- _REQUIRED WORK_
Leaving every picture out, please return exactly the lines from the top of the material below through the line with "Fantoma unui copilaş", both included.

RECORDS FOR THIS EXERCISE section start

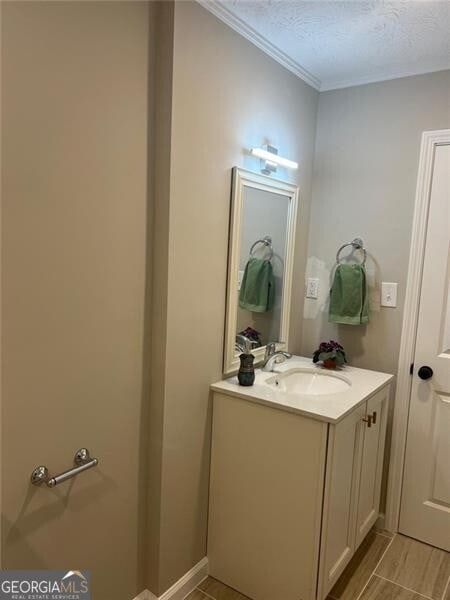 bathroom with vanity and a textured ceiling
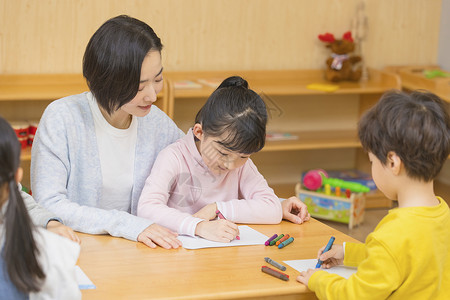 儿童识字幼儿园老师教小女孩写字背景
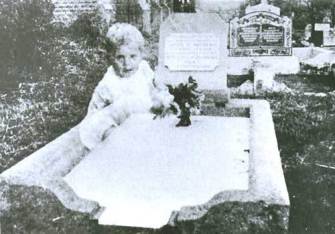 Fantoma unui copilaş apăru pe mormântul "vecinei" sale din cimitir! Cel puţin, asta se vede din poză...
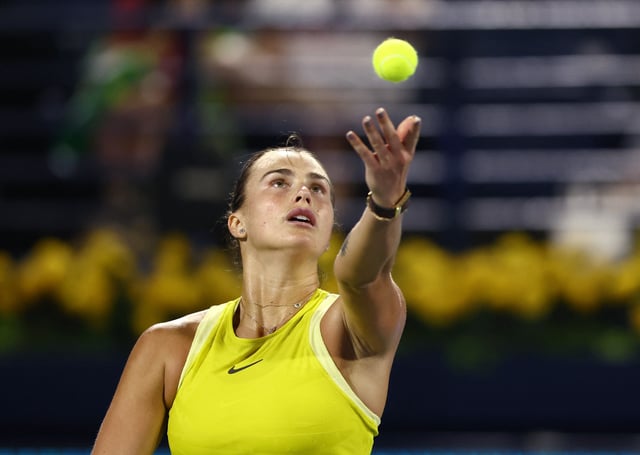 Tennis - Dubai Championships - Dubai Tennis Stadium, Dubai, United Arab Emirates - February 19, 2025 Belarus' Aryna Sabalenka in action during her round of 16 match against Denmark's Clara Tauson REUTERS/Amr Alfiky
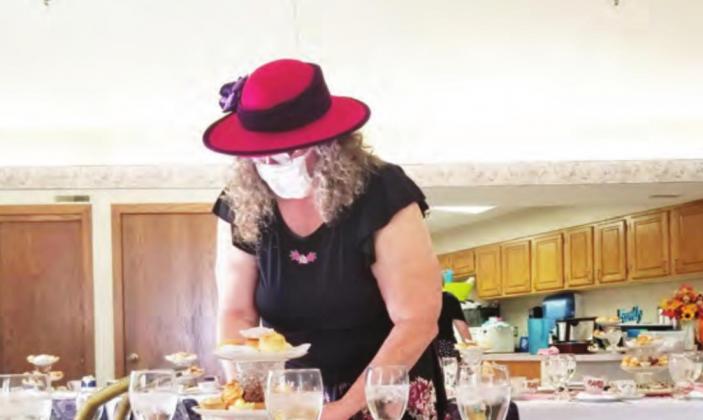 Suzanne Ellis helps set the tables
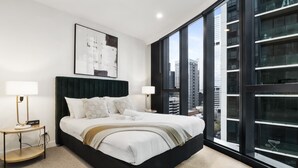 Een moderne slaapkamer met een groot bed, twee nachtkastjes, uitzicht op de stad en een groot raam.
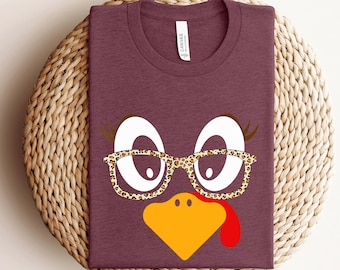 Puede incluir: Una camiseta color marrón con un gráfico de cara de pavo. El pavo tiene ojos blancos, un pico amarillo y una papada roja. El pavo lleva gafas de estampado de leopardo.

RECORDS FOR THIS EXERCISE section end

- _ANSWER SECTION_
 bathroom with vanity and a textured ceiling
 儿童识字幼儿园老师教小女孩写字背景
 Fantoma unui copilaş apăru pe mormântul "vecinei" sale din cimitir! Cel puţin, asta se vede din poză...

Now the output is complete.